No importa cuántas veces Julian Assange te muestre que los Derechos Humanos no existen en el mundo práctico: verlo tanto, en vivo y en directo, te ha acostumbrado a vivir así. Como ver al hijo que viola a su madre y mata a su hermana en una casa en Villa el Salvador, o el policía que golpeó al homosexual en Los Olivos, o la puta pepera que tiene pinga y se cachó a Paolo Guerrero.

Photoshop pending…

Ideales Colectivos – Democracia Cristiana

Y es que no importa cuántas veces veas el vídeo de wikileaks en el que matan a los periodistas a sangre fría, o cuántas veces veas negritos de Nigeria patrullando con rifles de asalto, o que la portada de National Geographic sea una mujer con la cara desfigurada por los golpes de su marido, o que Mario Hart folle por el orto la gordita flaca de Al Fondo Hay Sitio, o que Alan García done una fortuna para construir un falo cristiano sabiendo que nunca ha trabajado o ganado un sol (lícitamente). Lo que importa es saber por saber. Acumular conocimientos y sentir que eres parte de algo más grande. Sentirte bien conociendo y argumentando como si estuvieras en tu palestra griega; es decir, hacer una medición de penes con tus patas cada vez que se te dé la oportunidad (para eso no tienes que ser hombre, las mujeres también miden sus penes).
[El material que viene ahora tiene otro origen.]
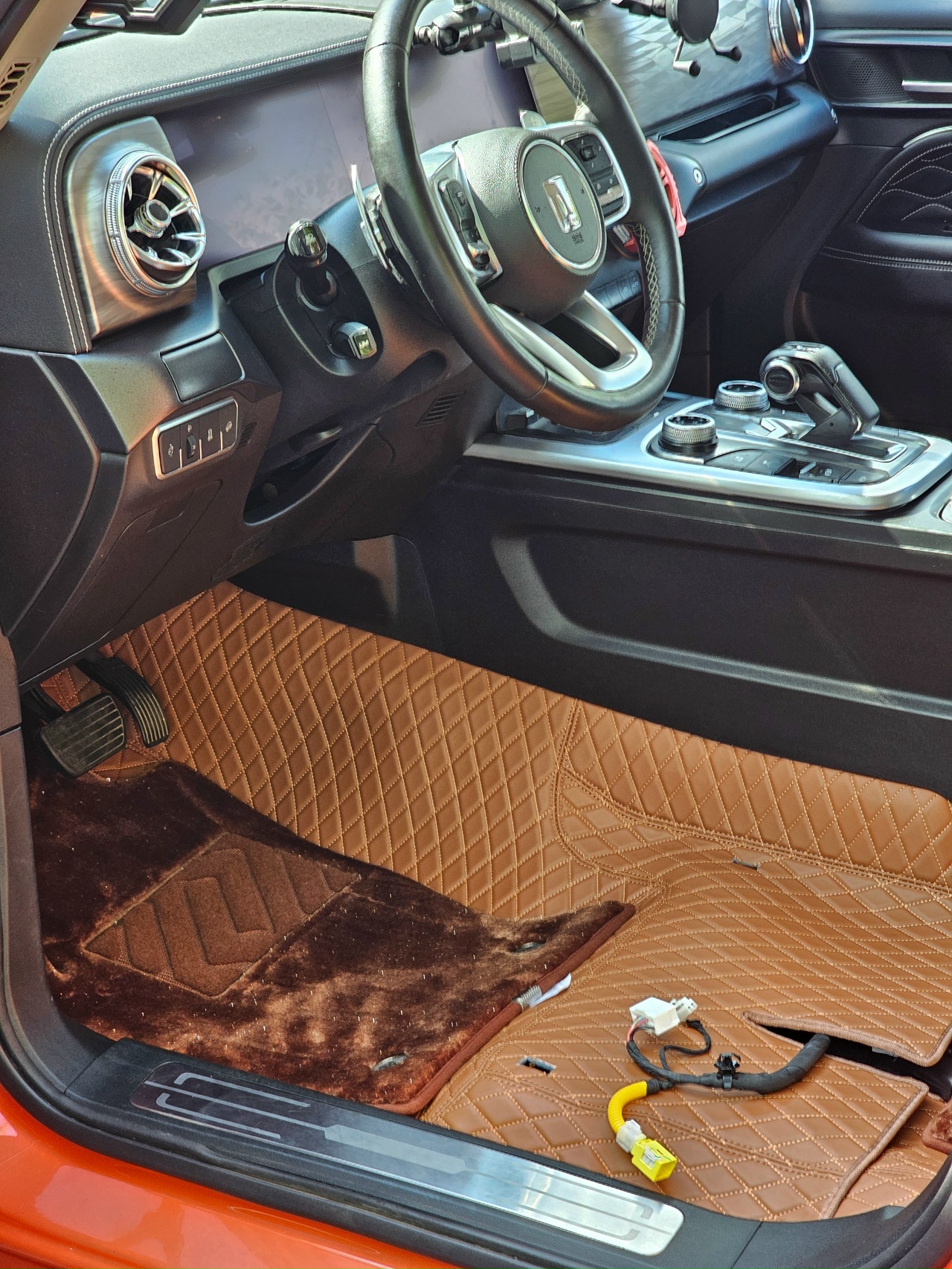 Tank 300 Комплект 3D ковров Susif 365 Car Blanket Armour из экокожи и 4 ворсовых ковриков коричневый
A veces más literalmente que otras.

Ahora, lo paradójico es que en el Perú, si no estás “in”, con lo que “pasa-en-el-mundo” (mejor dicho: si no compartes mi opinión), puedes ser anulado simbólicamente con frases como: “eres un resentido”, “infórmate y luego opina”, “eres ignorante”, etc.

El síntoma de que algo anda mal ha sido reemplazado de manera fetichista por un “me remito a los hechos” recontra caviar y también recontra facho. Mis amigos, que se indignaban cuando Jaime de Althaus les trataba de explicar a los pobres que ya no eran pobres (porque ahora están sobre la línea de pobreza por apenas unos soles), proponen ahora la misma fórmula argumentativa: “no importa que tú sientas que esto está mal o no te gusta; si no te gusta, es porque no lo entiendes”. Gran lección de tolerancia y caviarismo 2.0.

Y, entonces, ¿Dónde quedó la democracia y la propuesta política? Si eres ignorante, resentido, o no sabes acerca de lo que se está hablando, entonces no tienes derecho a hablar, no importa si se trata de DD.HH, PBI, VCD o DVD.

¿Es que la nueva democracia es una especie de rito cristiano en el que tienes que sentirte culpable antes de comprometerte con una causa pública? El “debate” intelectual peruano más parece una gran orgía de “mi culpa, mi culpa, por mi gran culpa”, que un espacio de propuesta y creación. ¿De qué sirve saber que el mundo es un desastre si es que lo único a lo que va a llevar es a que te conviertas en un snob de la verdad?

Sinceramente, prefiero el síntoma no-socializado al síntoma fetiche 2.0: hay más política en los camerinos de la selección peruana que en todos estos debates, conferencias de web cam, posts, y cojudeces. El saber no genera compromiso, sino que más bien puede llevar al goce autosatisfactorio. Sí, creo que para algunos, enterarse de las masacres en África es como correrse la paja. Algo bien francés.

Para terminar, los dejo con unos comentarios que leí el otro día en un post del blog en los que justamente se “opina” “democráticamente”:

 

“SINO APRENDISTE POESÍA, MEJOR NO OPINES”.

“Y DE FOTOS, CINE, Y CULTURA NO PUEDE HABLAR ALGUIEN QUE NO ENTIENDE”

“MEJOR CALMA, EN VEZ DE CRITICAR TU TE HACES VER COMO UN DELINCUENTE”

 

Cortesía de Soledad Piqueras y/o los fans de Soledad Piqueras.